The only way that they could get me to buy new minis directly from a store would be to have them in small-ish open packs (like the PH series) or even in individual blisters.  I'm sure thay they could do some sort of market research/testing to get a reasonable guess of how many of each mini to put out there to prevent a shelf full of unicorns turning stale...


----------



## jasonbostwick (Apr 13, 2010)

I'm not in the toy business - this is mostly speculation based on snippets of what I've heard from Wizard's reps a few years back when they spoke more candidly about how miniature production worked.

 I imagine that keeping minis in stock after the first run sells out is much like keeping a book in print. To bring the cost per unit down to a point where they make a decent profit on each mini sold, they need to produce a large number of figures per run. 

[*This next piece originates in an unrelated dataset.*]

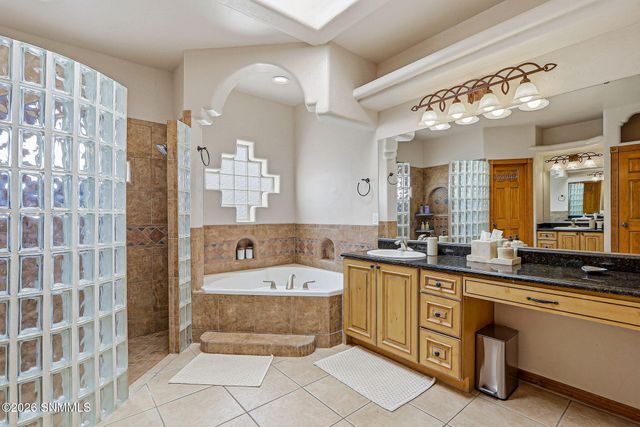4900 Alma Road, Las Cruces, NM 88011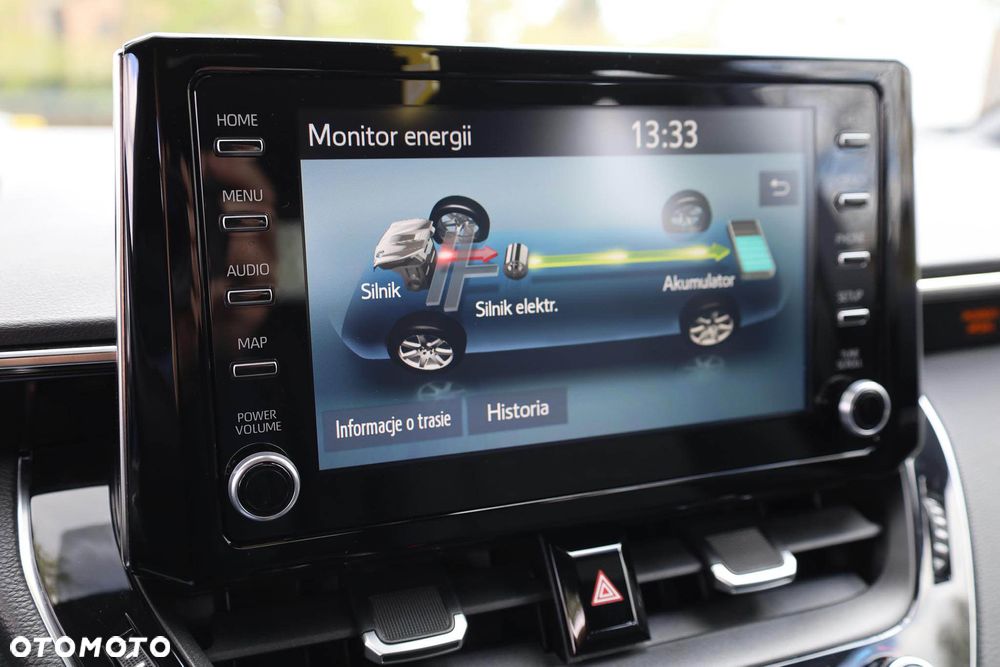 Toyota Corolla 1.8 Hybrid Comfort - 18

The demand on a niche item like Orcus minis isn't the same as something like an iPad, where there is a factory constantly churning out new iPads to keep up with demand. Wizard's contracts out some factories in China to make a run of their minis, basing the size of the run on data from their previous sales figures (from the glut of Player's Handbook Series minis, evidently sometimes they overestimate). Once that run finishes, the molds and paint step routines are packed up and the factory is retooled to make something else. In all likelihood that 'something else' isn't even another line of minis - its Happy Meal toys or Kinderegg surprises. 


This process finishes months before the minis are released to distributors. 
(This is why suggestions that they produce mini packs that match up directly to a published adventure don't work - their mini production works on a much longer time frame than their book production). 


Any sales feedback they recieve from the set can help them adjust print run sizes for the next set down the line, but can't help them if they've made too large or too small of a run. In a few cases (the Harbinger and Deathknell DDM sets, I believe, and one of the Star War's sets) WotC saw financial reasons to do a full reprint of the set, but these were large-scale reprints in response to a very high demand. 

Selling out of a particular set of minis is exactly what Wizards wants to do to stay profitable. If they reprint a line and there isn't as much demand as they anticipated, they get stuck with a massive overstock that they can't get rid of and they lose money. (See TSR's Dragon Dice for an extreme example.) 

I imagine that this was happening towards the end of the ICONS line - I picked up my Gargantuan Blue Dragon significantly reduced from MSRP three years after it had been released. Hell, you can still get them on Amazon.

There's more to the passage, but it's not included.